SIV7
「天使の輪の使い方は分かった? 魔優子ちゃん?」
事務所への帰り道に蓮華が魔優子に訊いた。
人通りもそれなりにある街路を、四人のキューピッドが連なって歩く。
小百合とは公園を出てすぐ別れた。高次が公園に一人取り残された。
小百合は何の未練もないかのように、後ろを振り向きもせずに帰っていってしまった。仕方がないので魔優子達も会社に戻ることにしたのだ。
「だいたいかな? この輪で魔族を縛るんでしょ?」
魔優子が自分の頭の上に浮く天使の輪を触りながら言った。
「宙に浮いてるのも、何の仕かけもなさそうなのに光っているのも、不思議で仕方がないけど」
「天使の矢も、輪も、羽も、人の正の感情でできているわ。これが魔族にとっては嫌なの」
「ふーん」
「矢は人の感情の真っ直ぐさを象徴しているの。永遠性の象徴が輪ね。羽は可能性ね。矢に込められた力は、その特性からして瞬間的な力として現れるわ。力の強い分、一瞬の力としてね。輪に込められた力は永続的な力として現れるの。力の弱い分、持続する力としてね」
「弱いって…… それで魔族が縛れるの?」
「矢に比べれば弱いってだけだよ。それに輪は囲んじゃうからね。弱くても持久力のある方がいいの。まあ、絶対的な力の差があったら負けちゃうけど、それは仕方がないよ」
「あら蓮華。私は絶対的に縛りつけてみせるわ」
加奈子が上機嫌で割って入る。ハスキーな声と甘い香りが、皆の耳と鼻孔をくすぐった。
「期待してるわ加奈子。魔優子ちゃんも相手を縛りつける強い意志を持ってね。『ちゃんとつかまえていたい』って思わないと、逃げられちゃうからね。例えば――」
蓮華は天使の輪を外して右手の人差し指でくるくると回してみせた。一匹の鳩に目が止まる。電線に止まっていた。
「えいっ!」
蓮華が軽く気勢を上げると鳩めがけて輪を放った。
驚いて飛び上がる鳩の後を追うように弧を描いて光の輪が飛ぶ。輪が鳩に当たる瞬間、輪は光り輝いて輪郭がぼやけ、鳩を取り囲んだ。

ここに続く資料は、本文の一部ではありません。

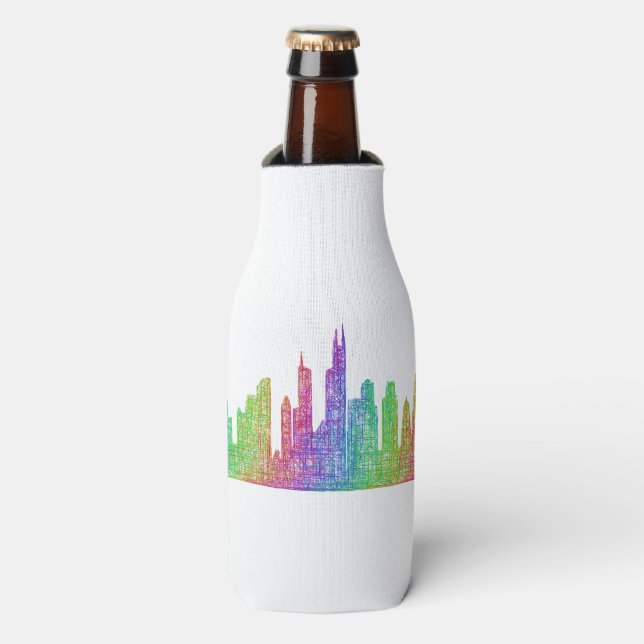 Skyline von Chicago Flaschenkühler (Flaschenvorderseite)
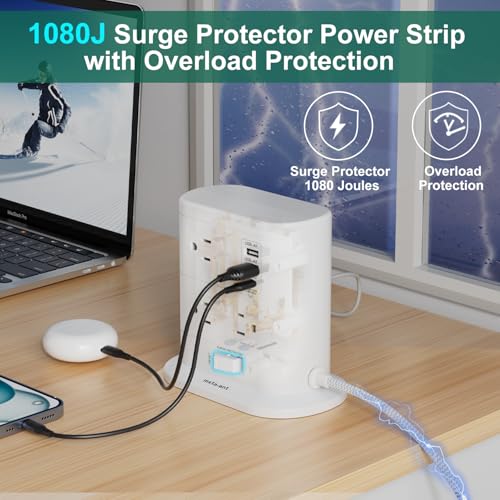 10 in 1 Surge Protector Power Strip Tower - 5Ft Flat Plug Extension Cord with 7 Outlets 3 USB Ports (1 USB C), Desk Power Strips with Surge Protection for Home Office Supplies Dorm Room Essentials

輪は鳩をその内側に捉えると一気に縮まる。鳩は空中で羽ごと胴体を捕らえられた。
天使の輪で締めつけられ、鳩は身動きも取れずに落ちてくる。
「きゃっ!」
魔優子が悲鳴を上げ、蓮華が左手の指を鳴らした。
その瞬間光の輪はその場で消えて、蓮華の右手に現れた。
「もう! いたずらしちゃだめでしょ……」
魔優子が地面すれすれで自由を取り戻し、羽ばたき始めた鳩を見て安堵のため息をついた。
「いいのよ『いつでも好きな時に飛べる』――なんてことないって、知っておくべきだよ」
「あのね……」
「あと、輪は継続して力を保持しているから、これを頭の上に乗せておくことで、魔族はうかつにキューピッドに手を出せなくなるんだよ。頭の上につけたまま、全身をまんべんなく守るもよし。腕につけ替えて、ピンポイントで守るもよし。状況次第ね。そして輪の力で身を守りつつ、羽で敵の攻撃を避けるの。それから矢で敵の力を削いで身の危険を減らし、最後に輪で縛りつけるって感じだね」
「ふーん。できればそんな大活劇はしなくて済みたいわ」
「自信。魔優子なら大丈夫。自信」
「え? そう? あ、ありがとう…… でも根拠は?」
「確信。ない。確信」
「はは。適当なのね」
「私も期待しているわ」
蓮華がクスクス笑いながら魔優子と唯の会話に割って入る。
「てか、そもそも魔族ってのは何がしたいのよ? 名前からして、もっとおどろおどろしい存在じゃないの? 何か想像していたのと、違うんだけど。何で人の恋愛に口出してくるのよ?」
キューピッドの姿で四人が街を歩く。道行く人が時折――特にいき違ってから振り返った。
その恥ずかしさをごまかす為にか、魔優子は疑問に思ったことを次々と口に出しているようだ。話し続けていないと自分の姿を必要以上に意識してしまうのだろう。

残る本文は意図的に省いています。